Et devenir musicienne professionnelle sur la durée ?
Oui, mais je ne me le mets pas en tête. C'est un monde où tout peut se casser la gueule très rapidement, où il y a énormément de concurrence et où ça bouge de plus en plus, et très vite ! C'est quelque chose d'éphémère : on peut être en ascension fulgurante pendant 3-4 ans et voir ensuite émerger quelqu'un d'autre. Moi, je ferai toujours ça par plaisir : je serais contente si ça marche, mais j'ai d'autres bagages derrière pour pouvoir rebondir, sinon.

Certaines femmes DJ veulent encourager d'autres à le devenir. C'est un combat pour toi aussi ?

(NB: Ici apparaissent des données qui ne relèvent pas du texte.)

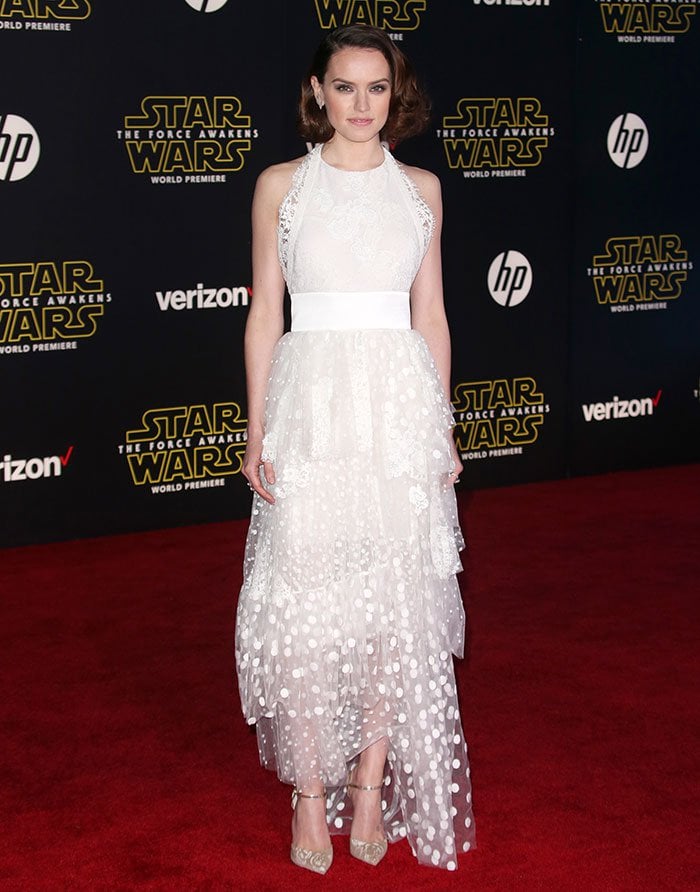 Daisy Ridley's halter dress features a cinched waist, a tiered polka dot tulle skirt, and a Chantilly lace bodice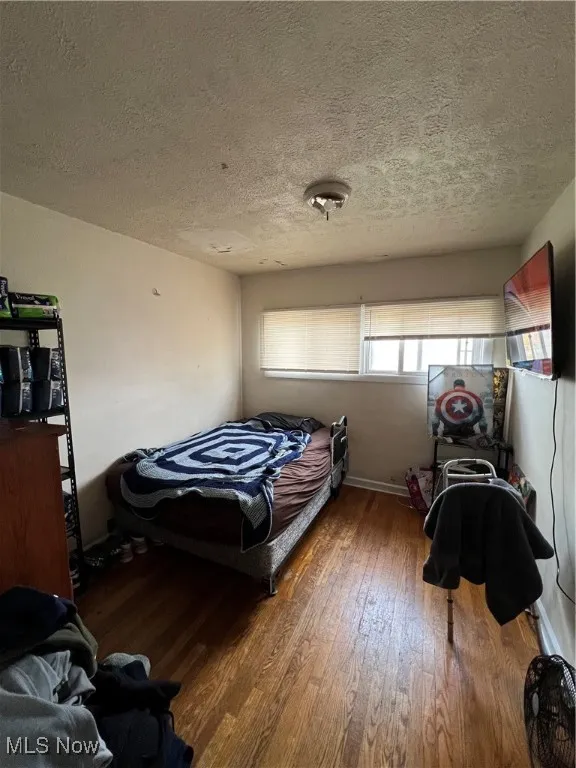 Bedroom featuring hardwood / wood-style floors and a textured ceiling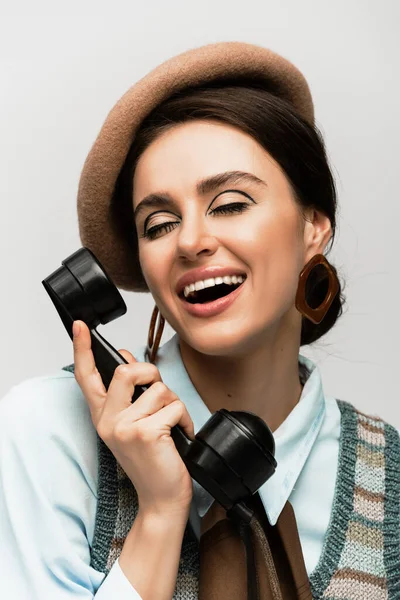 Smiling young woman in beret talking on vintage telephone isolated on grey — Stock Photo
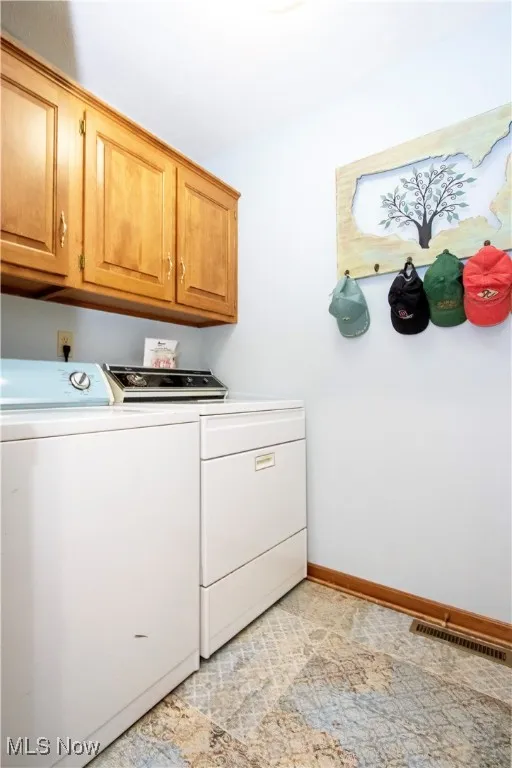 Laundry room with cabinet space and washer and clothes dryer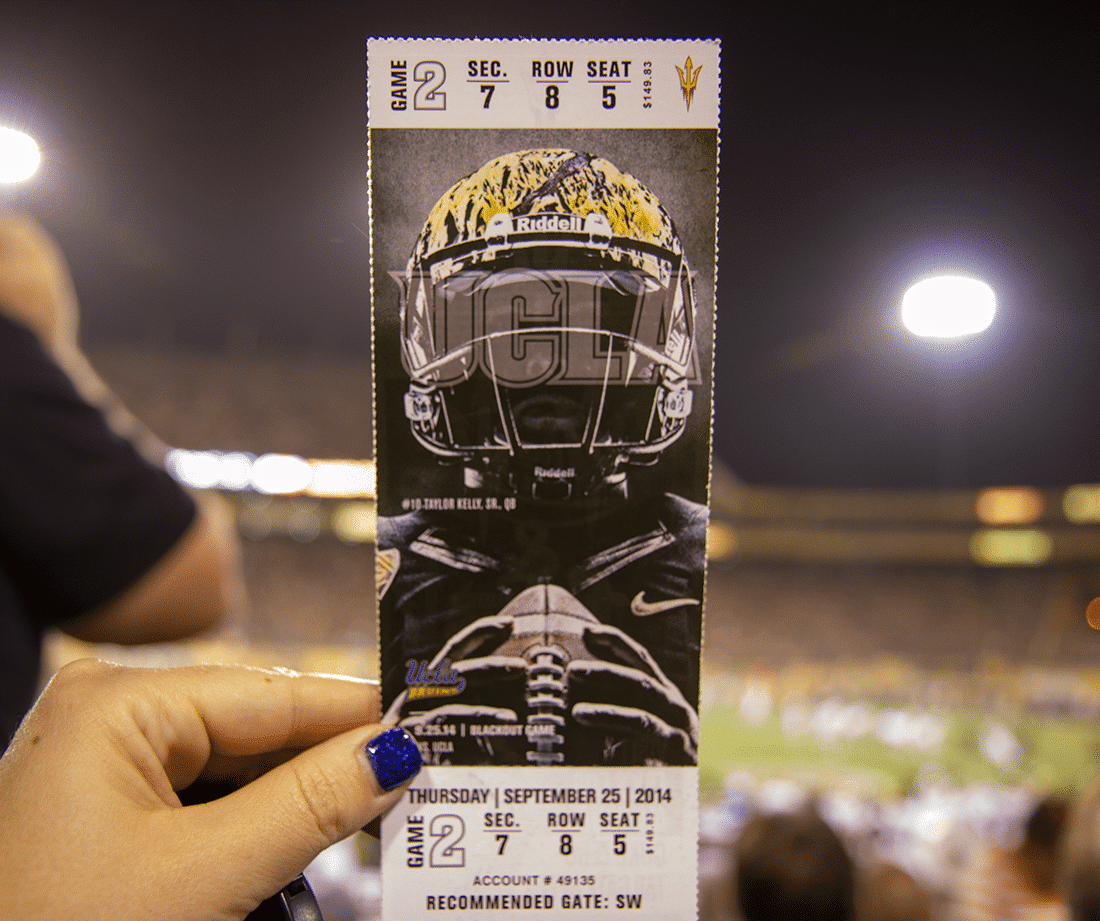 Ticket in front of the field during a College Football Game Date.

Oui. Ce n'est pas facile d'être une femme DJ, ni d'ailleurs une femme dans le domaine de l'art en général. Aujourd'hui, l'accès à la pratique est de plus en plus difficile. C'est souvent parce qu'elles n'osent pas, en fait ! Il y a deux-trois têtes d'affiche féminines dans la musique électronique, mais surtout énormément de mecs. Des promoteurs disent qu'ils ne bookent que des DJ hommes, faute de trouver des femmes. C'est un peu misogyne, mais un peu vrai, aussi. « Elle a cette place parce qu'elle est bonne, elle est passée sous le bureau » : ce sont des trucs que l'on entend tous les jours ! Pourquoi la femme est-elle forcément sexualisée ? Celles qui voulaient se lancer n'en ont plus envie, quand elles voient ça ! C'est pour ça qu'on organise des ateliers avec des femmes seulement, pour qu'elles acquièrent de la confiance avant de voler de leurs propres ailes.

Tauceti. La Belle Electrique – La Capsule 3
Rencontre et set en ligne à partir de vendredi 16 avril, à 18h.